Davanti ai sacrifici e al lavoro serio di tutti gli operatori turistici che, grazie alla loro dedizione e professionalità e ai loro investimenti contribuiscono ogni anno al raggiungimento della bandiera blu, l’amministrazione non ha saputo far altro che rispondere con un diniego assoluto, ignorando tutte le osservazioni orientate a una maggiore tutela ambientale e d’immagine del nostro litorale, senza dare nessuna spiegazione e giustificazione, anzi ribassandosi a strumentalizzare le osservazioni come un voler tutelare gli interessi degli operatori turistici già esistenti.

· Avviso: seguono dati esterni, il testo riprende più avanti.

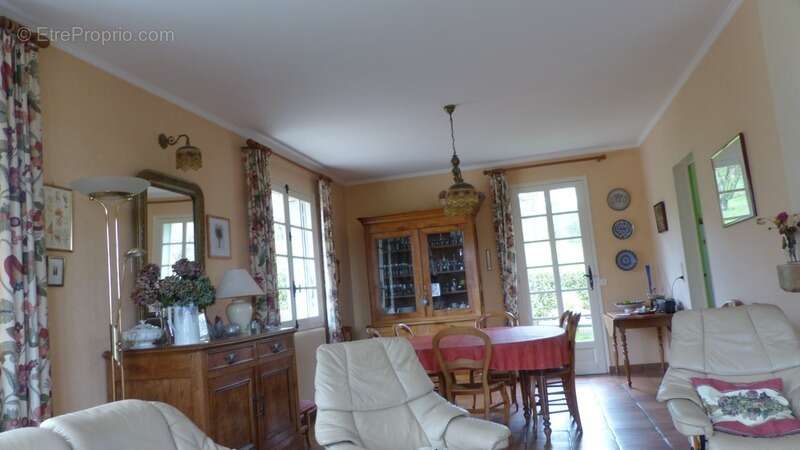 Maison à SAINT-LOUP-LAMAIRE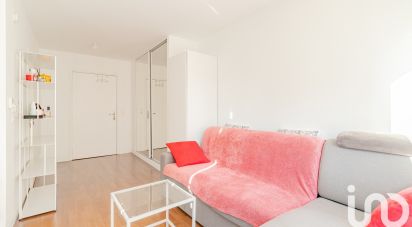 Studio 1 room of 28 m² in Montrouge (92120)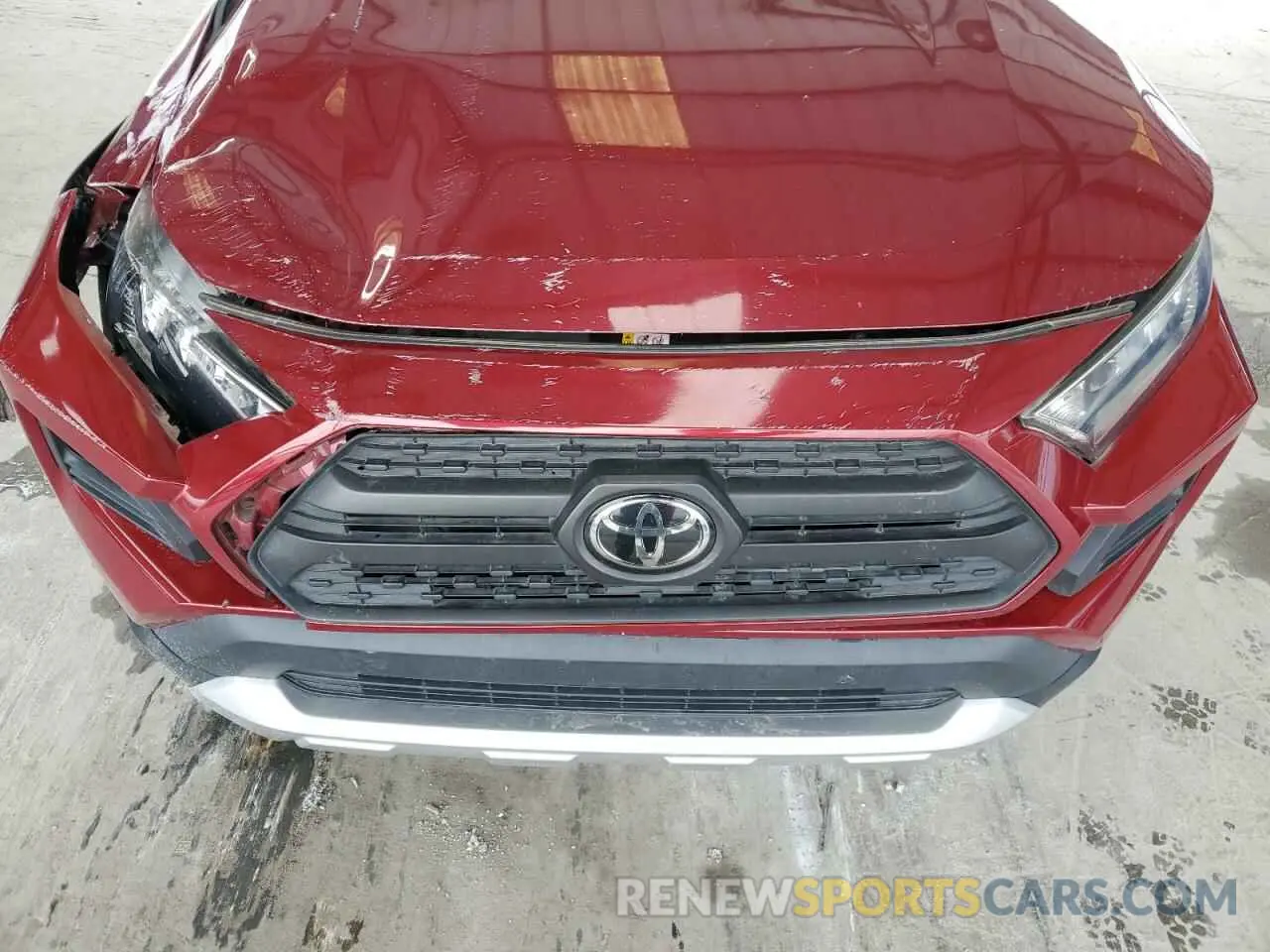 12 Photograph of a damaged car 2T3J1RFV0KW033331 TOYOTA RAV4 2019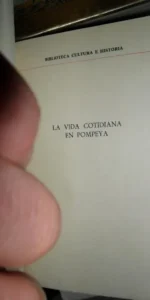 La vida cotidiana en Pompeya, Robert Etienne, ed. Aguilar, 1ª edición. La vida cotidiana en Pompeya, Robert Etienne, ed. Aguilar, 1ª edición.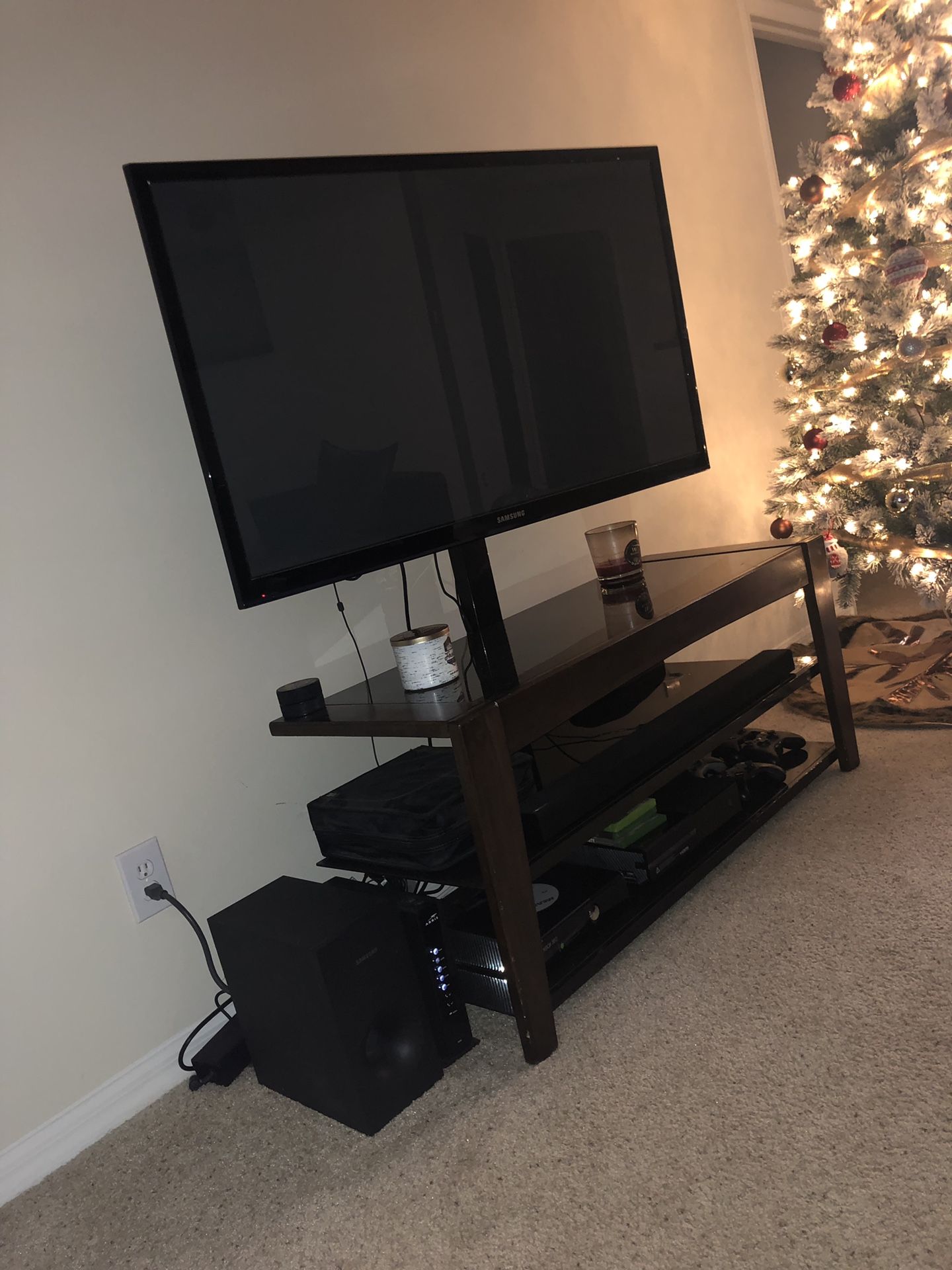 Tv stand with swivel mount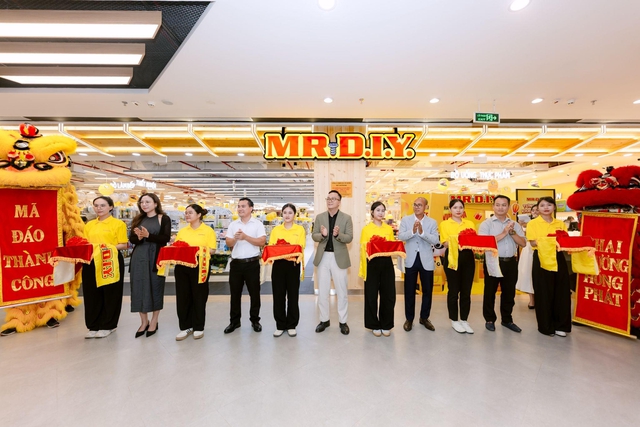 Cửa hàng Flagship đầu tiên rộng hơn 800 m² của MR.D.I.Y. ra mắt- Ảnh 1.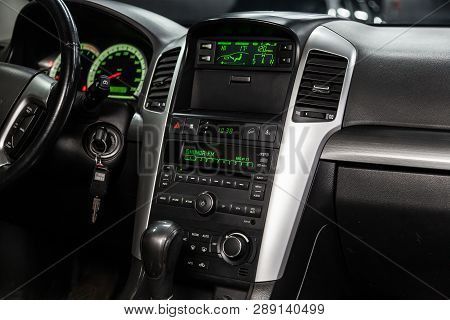 Novosibirsk, Russia - March 11, 2019:  Chevrolet Captiva, Close-up Of The Dashboard, Adjustment Of T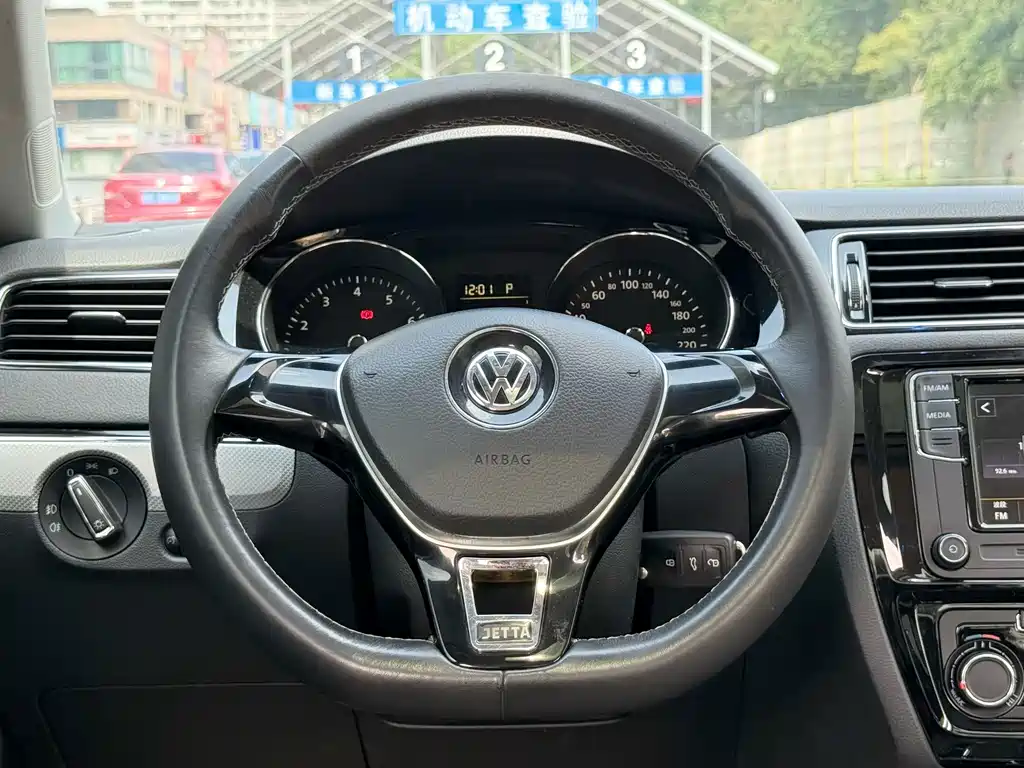 Volkswagen Sagitar — миниатюра 16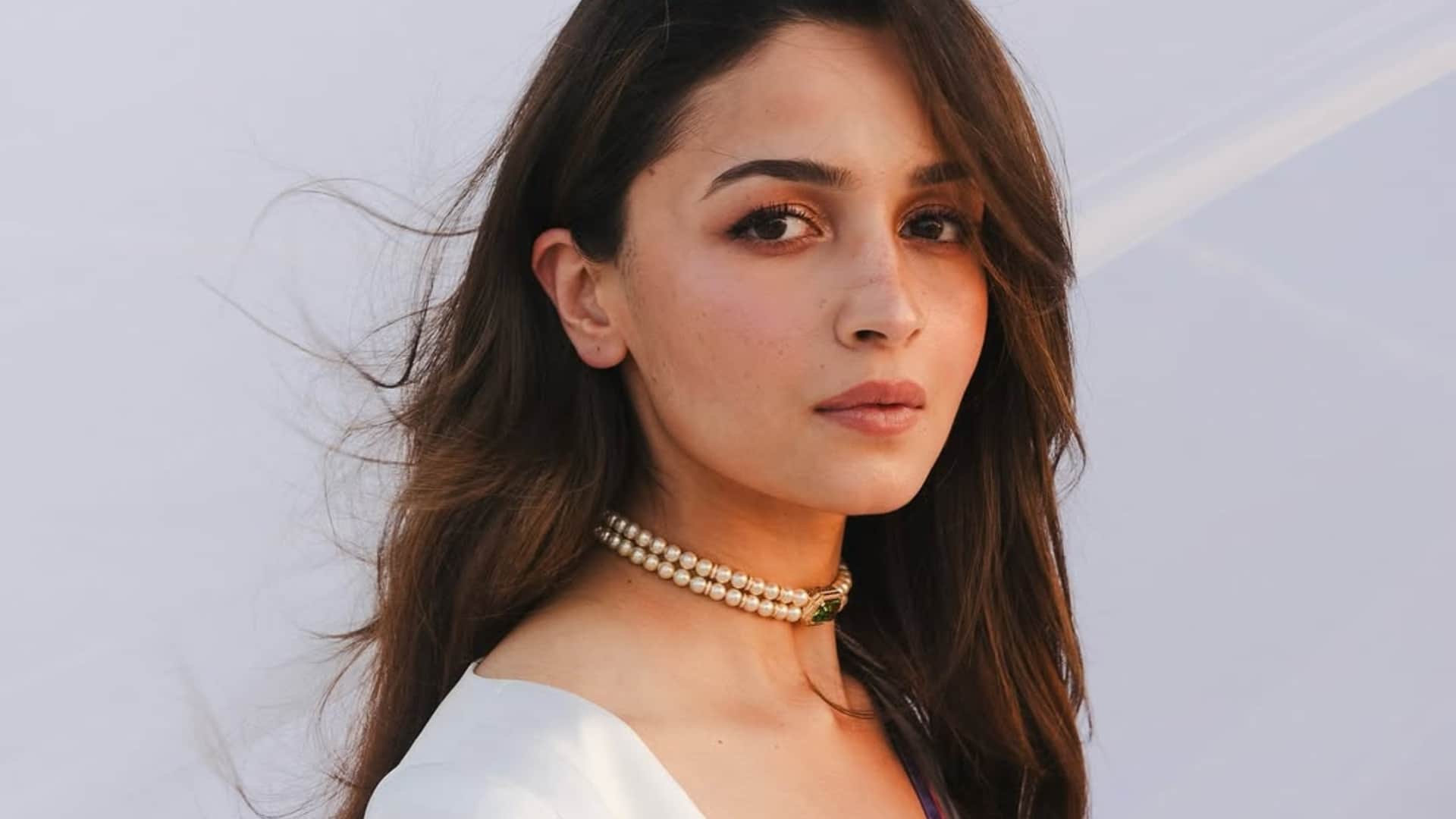 Alia Bhatt Reveals her daughter Raha Kapoor Had surprising Reaction After Watching Shah Rukh Khan On TV?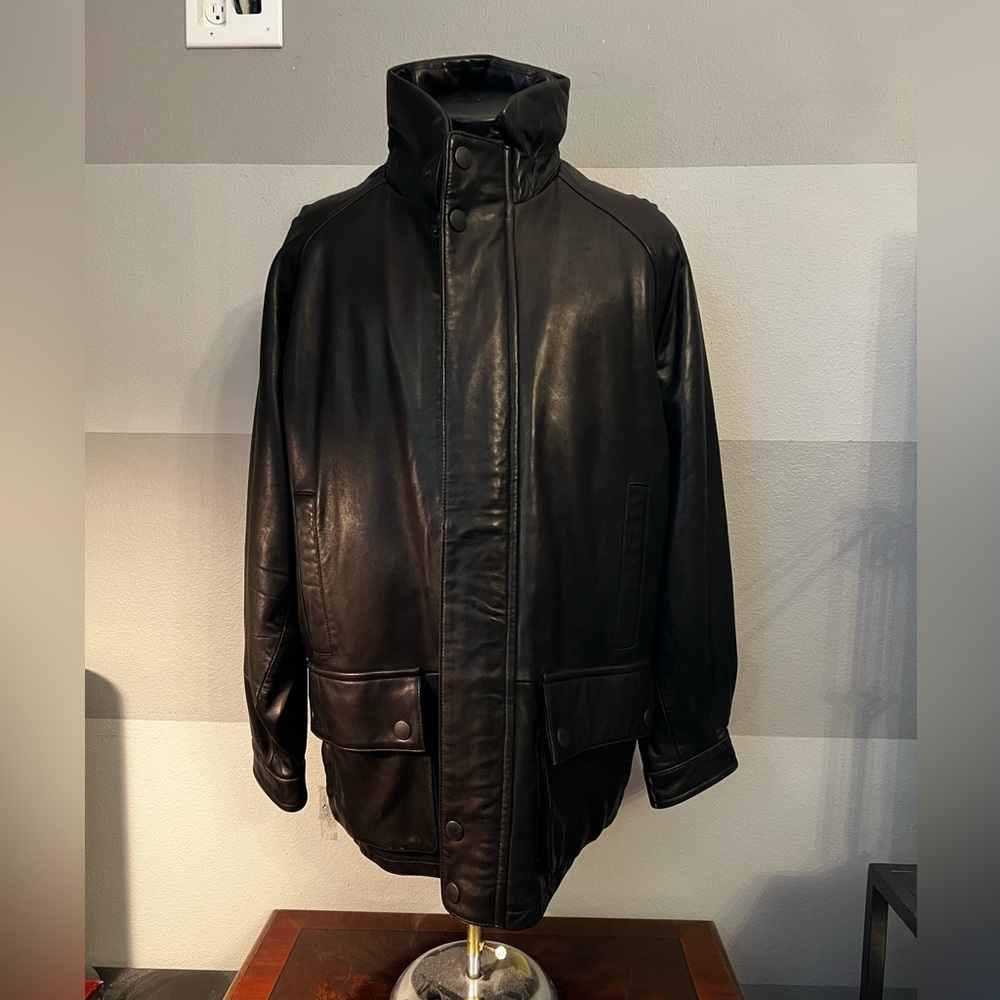 Men’s Nautica black leather 3/4 quarter jacket.
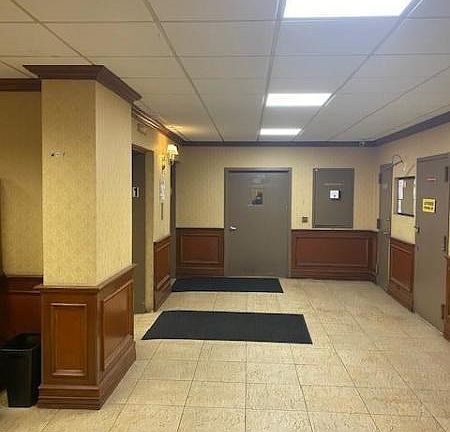 3rd image of 1000 Targee St APT 3N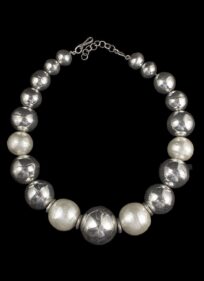 165 Collar de bolas de plata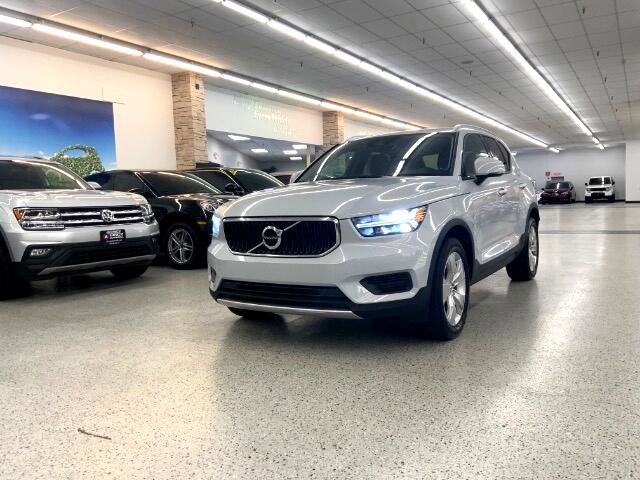 Used 2022 Volvo XC40 T4 Momentum image 40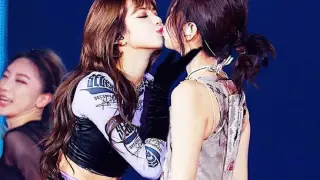 ã€�KPOPã€‘Jennie and Lisa officially announced to be a couple, you know?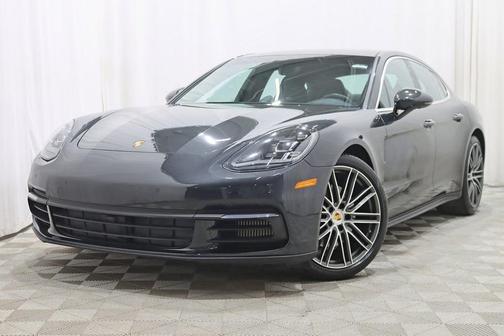 2017 Porsche Panamera 4S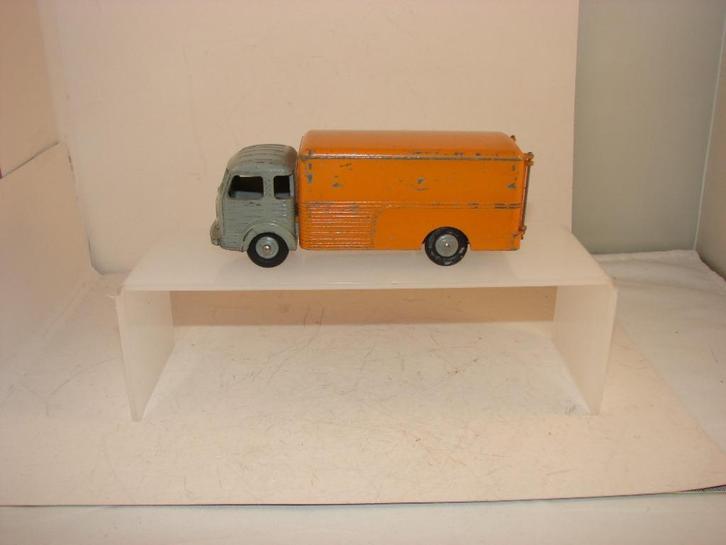 Dinky toy 33a Simca cargo van uit 1955., Hobby en Vrije tijd, Modelauto's | 1:43, Gebruikt, Auto, Dinky Toys, Ophalen of Verzenden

Piano spiaggia contestato, per tutti questi motivi, anche in Consiglio Comunale dai consiglieri di opposizione della passata legislatura.

Anche in questa circostanza l’ amministrazione si è dimostrata in tutto il suo lato peggiore, ossia nell’arroganza di evitare il dialogo, nella presunzione di non accettare suggerimenti e, per camuffare l’ennesimo comportamento clientelare, altra risposta non ha saputo dare che offendere e accusare chi da vent’anni lavora con mille sacrifici, approvando ed oggi mettendo in atto un piano spiaggia che svantaggerà e penalizzerà vecchi e nuovi operatori turistici.